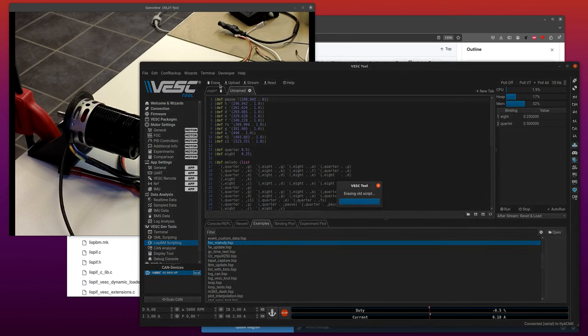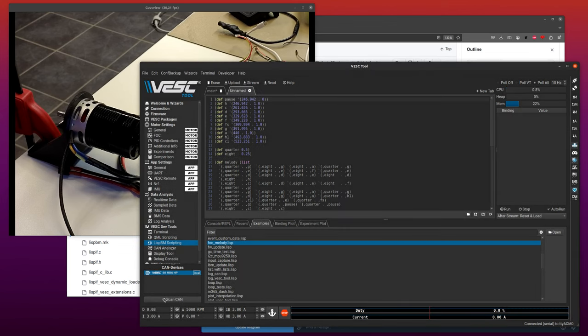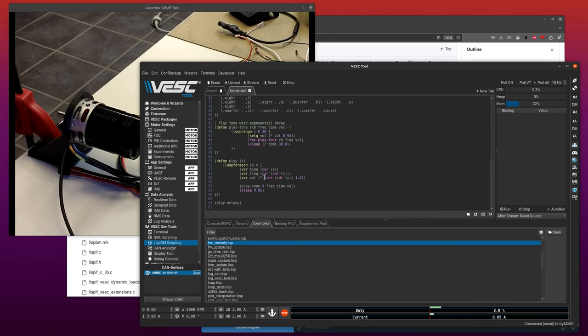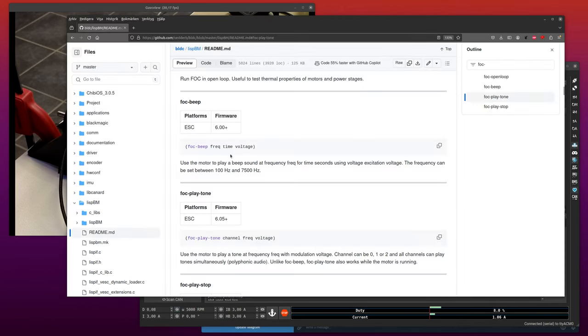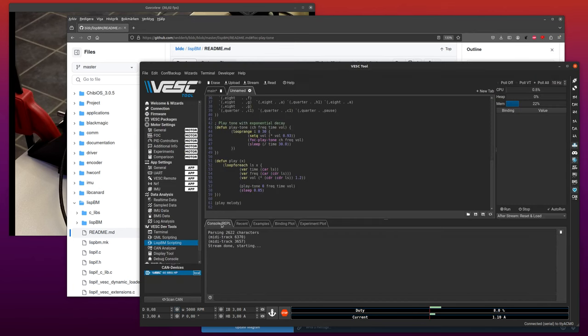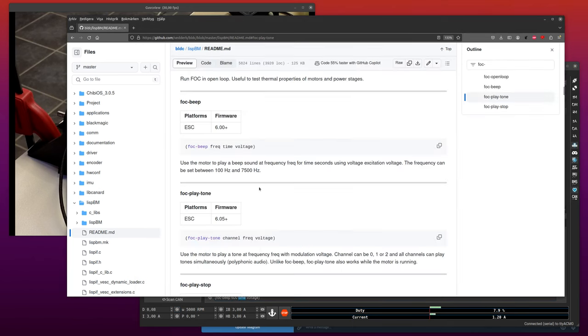The other thing you can do is run the code in REPL. Just FOC beep function, so let's try that. Just copy the code from documentation. We do frequency, say 600 hertz. That was the wrong function, it should have been this one.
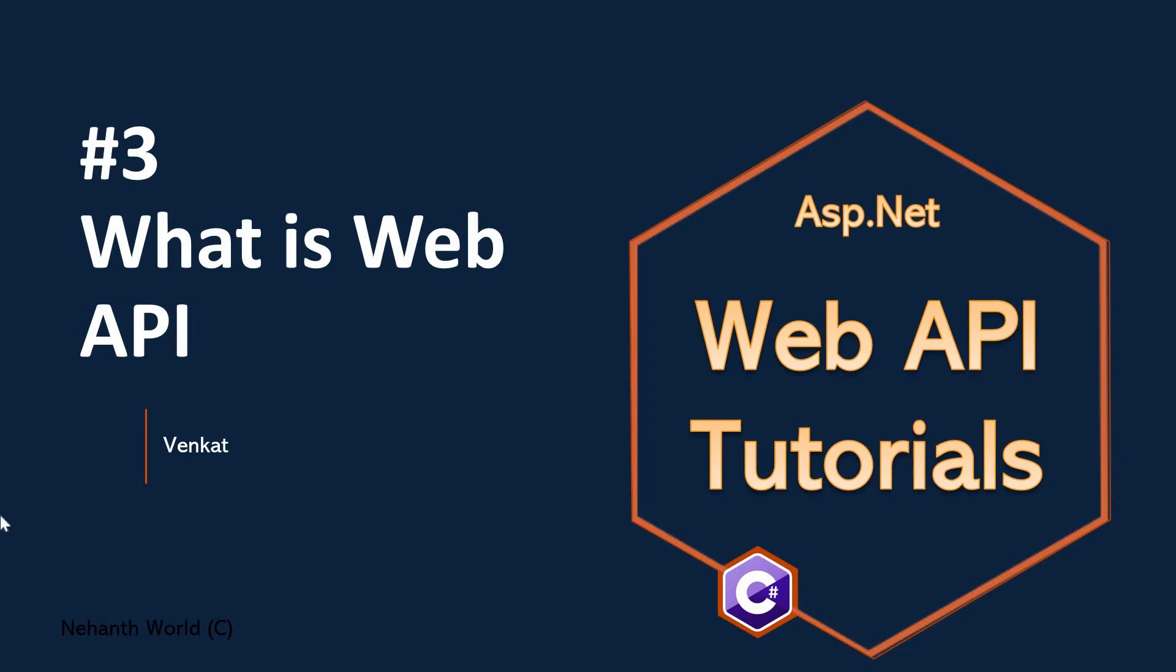Welcome back to Web API tutorials. I am Venkat. This is part 3: What is Web API? Before we get to know about Web API, let's see how we build traditional web applications.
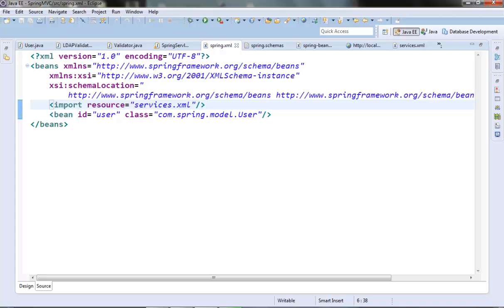So in this video we have basically covered the application context, the ClassPathXmlApplicationContext classes. We have also learned how we can separate out the bean definitions in multiple XML files, and then how to specify them either in the string array of the specific application context constructor, or import those XML files from our main file. We will learn more about these containers as we move along. This is it for this video. Thanks for watching.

EXERCISE INSTRUCTIONS: Make an exact copy of the listing above, omitting the pictures.

TASK SOLUTION:
The other thing you can do is run the code in REPL. Just FOC beep function, so let's try that. Just copy the code from documentation. We do frequency, say 600 hertz. That was the wrong function, it should have been this one.
Welcome back to Web API tutorials. I am Venkat. This is part 3: What is Web API? Before we get to know about Web API, let's see how we build traditional web applications.
So in this video we have basically covered the application context, the ClassPathXmlApplicationContext classes. We have also learned how we can separate out the bean definitions in multiple XML files, and then how to specify them either in the string array of the specific application context constructor, or import those XML files from our main file. We will learn more about these containers as we move along. This is it for this video. Thanks for watching.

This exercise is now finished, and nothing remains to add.